STORED DATA:
++++++++
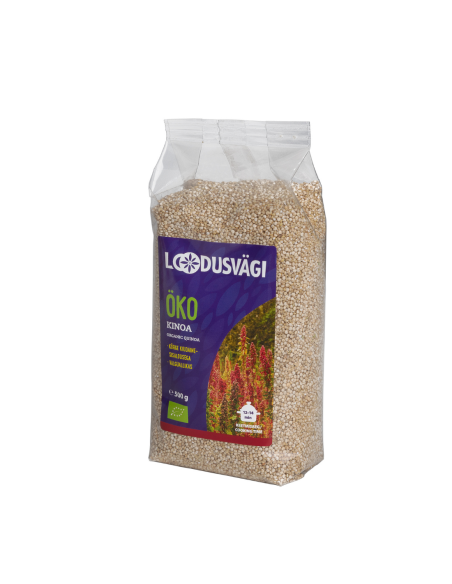 KAST 10tk! Loodusvägi ÖKO kinoa valge 500g IT-BIO-007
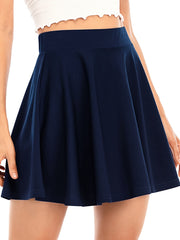 High Waist A Line Skirt Casual Summer Spring Women's Clothing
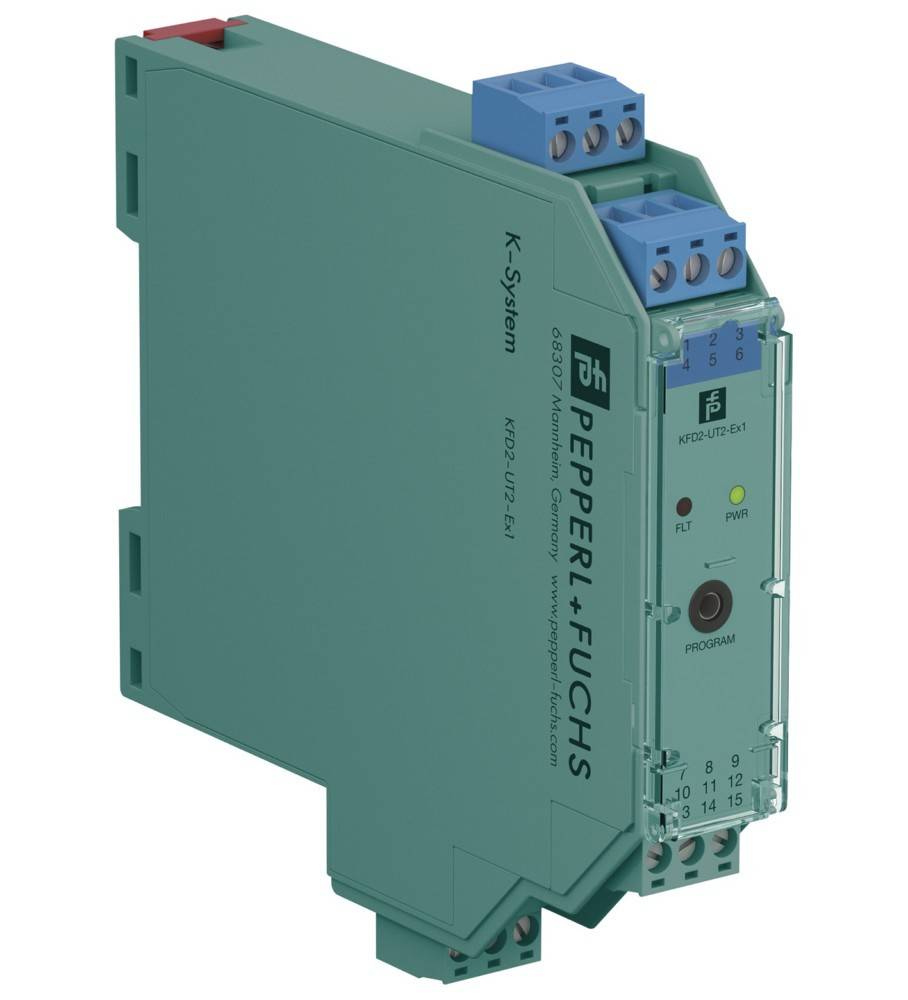 PEPPERL+FUCHS Universeller Temperaturmessumformer KFD2-UT-Ex1-1 (112882)-0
++++++++
ABOUT THIS EXERCISE:
Write out, with no pictures, only the lines from the line containing "High Waist A" through the last line of the listing above, exactly and with both ends included.

WRITTEN SOLUTION:
 High Waist A Line Skirt Casual Summer Spring Women's Clothing
 PEPPERL+FUCHS Universeller Temperaturmessumformer KFD2-UT-Ex1-1 (112882)-0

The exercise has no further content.